Short text fragments from websites:
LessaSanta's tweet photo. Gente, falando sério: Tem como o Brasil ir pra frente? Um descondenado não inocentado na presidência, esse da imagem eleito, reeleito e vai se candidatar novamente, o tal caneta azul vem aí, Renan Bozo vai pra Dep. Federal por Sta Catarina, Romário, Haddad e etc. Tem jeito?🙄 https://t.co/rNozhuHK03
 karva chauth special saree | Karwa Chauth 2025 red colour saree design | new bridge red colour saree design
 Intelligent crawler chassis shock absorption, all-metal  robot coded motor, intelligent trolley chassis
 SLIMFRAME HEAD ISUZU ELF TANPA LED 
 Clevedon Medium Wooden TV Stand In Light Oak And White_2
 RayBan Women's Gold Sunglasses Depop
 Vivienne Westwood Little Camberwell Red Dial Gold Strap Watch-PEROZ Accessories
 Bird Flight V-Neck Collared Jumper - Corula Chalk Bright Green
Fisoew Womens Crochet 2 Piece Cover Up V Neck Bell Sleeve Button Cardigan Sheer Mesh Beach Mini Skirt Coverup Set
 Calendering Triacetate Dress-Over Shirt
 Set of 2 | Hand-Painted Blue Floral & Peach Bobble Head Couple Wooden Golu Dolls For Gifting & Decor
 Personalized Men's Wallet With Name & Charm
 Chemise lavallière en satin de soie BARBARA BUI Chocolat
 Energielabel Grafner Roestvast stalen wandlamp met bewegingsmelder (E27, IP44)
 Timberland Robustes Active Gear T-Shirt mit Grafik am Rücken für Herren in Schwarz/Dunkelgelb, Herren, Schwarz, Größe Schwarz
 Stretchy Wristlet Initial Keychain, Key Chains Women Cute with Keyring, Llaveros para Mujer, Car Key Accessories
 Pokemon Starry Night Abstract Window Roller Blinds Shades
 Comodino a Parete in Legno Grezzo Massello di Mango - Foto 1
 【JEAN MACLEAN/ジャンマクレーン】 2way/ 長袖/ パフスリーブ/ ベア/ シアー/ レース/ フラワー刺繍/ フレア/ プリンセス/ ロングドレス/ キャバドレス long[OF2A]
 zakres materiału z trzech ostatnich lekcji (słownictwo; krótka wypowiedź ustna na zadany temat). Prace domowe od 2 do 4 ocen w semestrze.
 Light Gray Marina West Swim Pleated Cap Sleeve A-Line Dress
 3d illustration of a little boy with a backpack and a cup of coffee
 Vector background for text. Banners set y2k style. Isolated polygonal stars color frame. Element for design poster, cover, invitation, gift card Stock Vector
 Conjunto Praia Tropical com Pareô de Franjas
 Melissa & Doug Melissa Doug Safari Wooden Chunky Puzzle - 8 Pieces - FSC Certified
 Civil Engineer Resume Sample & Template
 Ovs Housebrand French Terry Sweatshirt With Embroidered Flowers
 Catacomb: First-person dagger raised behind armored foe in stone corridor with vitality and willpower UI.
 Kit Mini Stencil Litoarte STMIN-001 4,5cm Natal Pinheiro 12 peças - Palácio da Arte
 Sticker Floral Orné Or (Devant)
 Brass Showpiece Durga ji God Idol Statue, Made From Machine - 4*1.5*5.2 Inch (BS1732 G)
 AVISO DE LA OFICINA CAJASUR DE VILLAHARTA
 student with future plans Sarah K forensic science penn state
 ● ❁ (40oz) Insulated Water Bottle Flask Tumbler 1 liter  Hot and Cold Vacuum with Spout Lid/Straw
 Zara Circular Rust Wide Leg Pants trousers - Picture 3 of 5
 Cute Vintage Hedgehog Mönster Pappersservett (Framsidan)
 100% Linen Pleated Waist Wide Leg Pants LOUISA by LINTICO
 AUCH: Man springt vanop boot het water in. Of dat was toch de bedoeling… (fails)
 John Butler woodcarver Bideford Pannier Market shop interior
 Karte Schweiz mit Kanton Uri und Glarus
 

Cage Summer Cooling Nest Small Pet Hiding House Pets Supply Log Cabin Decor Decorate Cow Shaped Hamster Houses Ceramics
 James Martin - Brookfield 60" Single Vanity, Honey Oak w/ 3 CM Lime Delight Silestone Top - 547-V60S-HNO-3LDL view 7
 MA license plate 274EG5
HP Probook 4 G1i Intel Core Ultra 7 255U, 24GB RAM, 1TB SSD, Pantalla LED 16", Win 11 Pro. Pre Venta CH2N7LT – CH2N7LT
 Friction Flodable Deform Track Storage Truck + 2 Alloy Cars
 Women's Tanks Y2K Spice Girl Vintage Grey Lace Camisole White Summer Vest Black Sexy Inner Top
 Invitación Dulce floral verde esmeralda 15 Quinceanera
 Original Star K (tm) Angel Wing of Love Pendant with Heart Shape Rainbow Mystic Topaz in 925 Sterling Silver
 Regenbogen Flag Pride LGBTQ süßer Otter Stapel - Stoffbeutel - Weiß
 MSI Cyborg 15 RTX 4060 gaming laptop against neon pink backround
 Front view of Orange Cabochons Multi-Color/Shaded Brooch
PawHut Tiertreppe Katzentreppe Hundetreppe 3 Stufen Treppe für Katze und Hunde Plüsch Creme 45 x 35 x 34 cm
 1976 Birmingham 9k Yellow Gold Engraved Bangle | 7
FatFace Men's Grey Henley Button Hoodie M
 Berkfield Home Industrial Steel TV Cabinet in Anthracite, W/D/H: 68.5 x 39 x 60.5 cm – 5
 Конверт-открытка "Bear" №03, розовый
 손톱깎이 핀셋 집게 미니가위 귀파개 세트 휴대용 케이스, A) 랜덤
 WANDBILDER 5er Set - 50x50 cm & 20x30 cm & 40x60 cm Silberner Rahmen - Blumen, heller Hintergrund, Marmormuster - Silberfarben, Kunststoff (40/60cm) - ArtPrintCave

* _EXERCISE OBJECTIVE_: Reproduce the entries above exactly, but only the lines between the line holding "John Butler woodcarver" and the line holding "Women's Tanks Y2K", inclusive.

* _REPLY_:
 John Butler woodcarver Bideford Pannier Market shop interior
 Karte Schweiz mit Kanton Uri und Glarus
 

Cage Summer Cooling Nest Small Pet Hiding House Pets Supply Log Cabin Decor Decorate Cow Shaped Hamster Houses Ceramics
 James Martin - Brookfield 60" Single Vanity, Honey Oak w/ 3 CM Lime Delight Silestone Top - 547-V60S-HNO-3LDL view 7
 MA license plate 274EG5
HP Probook 4 G1i Intel Core Ultra 7 255U, 24GB RAM, 1TB SSD, Pantalla LED 16", Win 11 Pro. Pre Venta CH2N7LT – CH2N7LT
 Friction Flodable Deform Track Storage Truck + 2 Alloy Cars
 Women's Tanks Y2K Spice Girl Vintage Grey Lace Camisole White Summer Vest Black Sexy Inner Top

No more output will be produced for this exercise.